[ASSIGNMENT] Your response must be an exact transcription of the lines from the one containing "Long Men's Coat Mixed Wool Blue" through the final line of the data.

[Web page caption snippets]

====

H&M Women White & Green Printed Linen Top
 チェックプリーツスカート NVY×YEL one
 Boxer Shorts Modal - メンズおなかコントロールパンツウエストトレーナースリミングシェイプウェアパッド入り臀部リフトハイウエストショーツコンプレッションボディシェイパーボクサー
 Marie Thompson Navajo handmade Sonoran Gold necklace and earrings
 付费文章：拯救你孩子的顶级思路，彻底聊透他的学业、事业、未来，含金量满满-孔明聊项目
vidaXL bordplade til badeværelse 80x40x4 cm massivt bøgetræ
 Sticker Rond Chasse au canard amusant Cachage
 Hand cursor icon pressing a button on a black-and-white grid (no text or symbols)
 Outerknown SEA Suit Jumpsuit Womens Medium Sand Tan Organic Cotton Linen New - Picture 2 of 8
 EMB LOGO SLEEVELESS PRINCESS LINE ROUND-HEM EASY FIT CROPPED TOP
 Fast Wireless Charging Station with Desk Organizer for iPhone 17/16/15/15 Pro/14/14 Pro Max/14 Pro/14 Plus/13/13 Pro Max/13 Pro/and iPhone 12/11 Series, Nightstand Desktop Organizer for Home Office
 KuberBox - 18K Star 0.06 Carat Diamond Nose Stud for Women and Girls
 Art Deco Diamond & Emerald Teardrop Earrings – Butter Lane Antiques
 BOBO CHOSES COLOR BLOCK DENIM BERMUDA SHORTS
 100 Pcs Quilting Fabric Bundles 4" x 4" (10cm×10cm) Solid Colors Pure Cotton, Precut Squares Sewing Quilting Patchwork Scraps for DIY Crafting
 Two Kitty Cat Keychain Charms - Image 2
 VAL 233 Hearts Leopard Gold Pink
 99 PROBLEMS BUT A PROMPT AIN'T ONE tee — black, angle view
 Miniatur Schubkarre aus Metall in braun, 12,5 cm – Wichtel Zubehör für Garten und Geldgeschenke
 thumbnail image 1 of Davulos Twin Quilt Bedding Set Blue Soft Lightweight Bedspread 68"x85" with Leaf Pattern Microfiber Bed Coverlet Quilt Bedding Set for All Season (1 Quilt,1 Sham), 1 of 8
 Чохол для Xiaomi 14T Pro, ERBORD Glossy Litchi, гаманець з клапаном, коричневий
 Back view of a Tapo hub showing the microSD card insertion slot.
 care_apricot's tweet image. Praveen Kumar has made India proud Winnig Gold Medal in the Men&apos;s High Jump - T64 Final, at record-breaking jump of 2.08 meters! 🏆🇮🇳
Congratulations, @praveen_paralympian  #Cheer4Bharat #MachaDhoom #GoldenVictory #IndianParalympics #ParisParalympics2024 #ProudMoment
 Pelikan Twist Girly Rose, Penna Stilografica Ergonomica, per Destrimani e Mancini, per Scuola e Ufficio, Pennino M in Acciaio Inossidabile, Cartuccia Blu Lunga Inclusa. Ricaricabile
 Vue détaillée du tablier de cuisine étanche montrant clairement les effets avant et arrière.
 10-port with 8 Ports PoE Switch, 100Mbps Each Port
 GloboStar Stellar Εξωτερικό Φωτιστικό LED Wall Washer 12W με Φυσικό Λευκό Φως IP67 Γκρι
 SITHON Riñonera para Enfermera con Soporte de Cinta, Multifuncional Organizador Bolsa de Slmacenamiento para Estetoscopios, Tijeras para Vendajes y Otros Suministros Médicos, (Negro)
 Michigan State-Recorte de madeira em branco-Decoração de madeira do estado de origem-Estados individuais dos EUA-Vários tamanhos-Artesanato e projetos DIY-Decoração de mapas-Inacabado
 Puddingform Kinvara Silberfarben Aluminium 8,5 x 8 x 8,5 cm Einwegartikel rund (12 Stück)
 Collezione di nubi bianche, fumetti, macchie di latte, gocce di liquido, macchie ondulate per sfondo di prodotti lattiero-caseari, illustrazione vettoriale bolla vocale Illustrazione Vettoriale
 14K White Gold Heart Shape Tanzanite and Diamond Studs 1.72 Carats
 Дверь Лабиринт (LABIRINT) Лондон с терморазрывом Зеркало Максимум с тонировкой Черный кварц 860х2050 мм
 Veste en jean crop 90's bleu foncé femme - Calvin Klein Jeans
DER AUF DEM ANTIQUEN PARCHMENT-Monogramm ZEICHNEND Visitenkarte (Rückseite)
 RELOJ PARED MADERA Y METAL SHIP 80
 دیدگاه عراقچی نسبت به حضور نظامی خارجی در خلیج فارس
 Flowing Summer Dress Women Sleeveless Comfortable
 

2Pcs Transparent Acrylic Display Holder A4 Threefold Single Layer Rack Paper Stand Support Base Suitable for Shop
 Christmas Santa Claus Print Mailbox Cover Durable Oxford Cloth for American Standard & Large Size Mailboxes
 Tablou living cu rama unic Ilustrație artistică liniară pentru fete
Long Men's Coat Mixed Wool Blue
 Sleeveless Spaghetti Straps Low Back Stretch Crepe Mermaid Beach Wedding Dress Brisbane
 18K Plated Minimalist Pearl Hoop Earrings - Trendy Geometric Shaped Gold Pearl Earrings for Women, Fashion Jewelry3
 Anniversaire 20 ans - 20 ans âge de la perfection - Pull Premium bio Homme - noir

====

[WORKED SOLUTION]
Long Men's Coat Mixed Wool Blue
 Sleeveless Spaghetti Straps Low Back Stretch Crepe Mermaid Beach Wedding Dress Brisbane
 18K Plated Minimalist Pearl Hoop Earrings - Trendy Geometric Shaped Gold Pearl Earrings for Women, Fashion Jewelry3
 Anniversaire 20 ans - 20 ans âge de la perfection - Pull Premium bio Homme - noir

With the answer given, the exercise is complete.